Cacao Market Update
Macro and Forex
US dollar: If we look at the absolute figures of the US dollar, 2022 has been a great year, where the American currency has strengthened by over +8% if we base it on the US dollar index. One of the biggest factors in this strengthening has been the stance of the FED regarding interest rate hikes, where they have been leading this aspect. The FED has raised 425 basis points, even making it clear at its last meeting that it would continue to raise rates and would keep them at maximum levels until inflation showed signs of a lasting fall and it approaches the inflation target. Prices already stood at +7.1% in November in comparison with last year, after its peak of +9.1%, and have shown signs of weakening in recent months. Largely due to the fall in energy prices because of a "warm" winter in many parts of the world. Despite the good year for the US dollar, since September the currency has depreciated nearly -8% from its peak, partly due to the unwinding of speculative buying positions and finally to the slowdown in the pace of interest rate hikes, which some consider a "pivot" on the FED strategy. This last and softer rate hike was also replicated by the BOE and the ECB, but with different nuances. What they made clear at the Fed is that rates will continue to rise as necessary despite the adverse effects.

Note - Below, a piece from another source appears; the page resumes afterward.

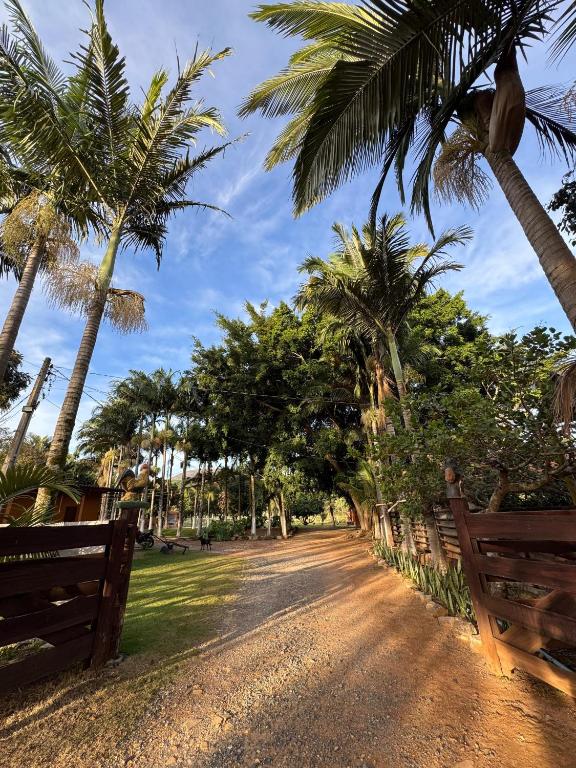 a dirt road with palm trees and a fence at Pousada Recanto Das Gerais in Carmo do Rio Claro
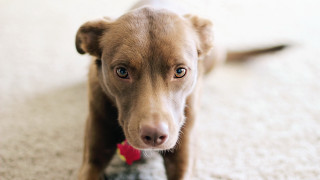 Brown dog sad toy shiba - cassius marcellus coolidge free wallpaper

Effects that are already beginning to be felt, as we commented in previous reports, where we see a shrinking manufacturing industry and services sector, as well as a fall in the housing market. The American economy is slowing (like most economies) but the IMF believes will weather the storm better than most.
Euro: The ECB found it hard to follow the Fed and the BOE in raising rates. The ECB's speeches in late 2021 and early 2022 showed some caution in taking any action in this regard, because they considered inflation to be transitory in nature, and probably even if they did not say so, they feared that fragile post-pandemic economic growth would be destroyed by an early rate hike. This discourse has changed dramatically during 2022 and already at their last meeting in December, after raising 50 basis points following the Fed's lead, they sent a clear "hawkish" message indicating the importance of controlling inflation. Where the necessary measures would be taken in terms of rates to control it. Despite this "late" reaction by the ECB, they have raised rates by 250 basis points, reaching, for now, the highest rates in 14 years. Inflation in Europe has also shown signs of easing, but less than in the US, and stood at +10.1% in November. Far from the +2% target and distant from the US +7.1%. As for the +2% target, according to ECB forecasts, it will still take a couple of years to reach it, as they expect average inflation in the euro area to be +6.3% in 2023, +3.4% in 2024, and +2.3% in 2025. In any case, the euro has also benefited from the weakness of the US dollar and the pound in recent months to gain momentum. Another aspect that has improved expectations, in part, for the European?economy is the fall in energy prices in recent months, which could mean that in the event of a recession, which many already believe to be certain if it occurs, it will be milder than expected a few months ago. This, together with the ECB's stance in the last stretch of the year has served as support for the euro.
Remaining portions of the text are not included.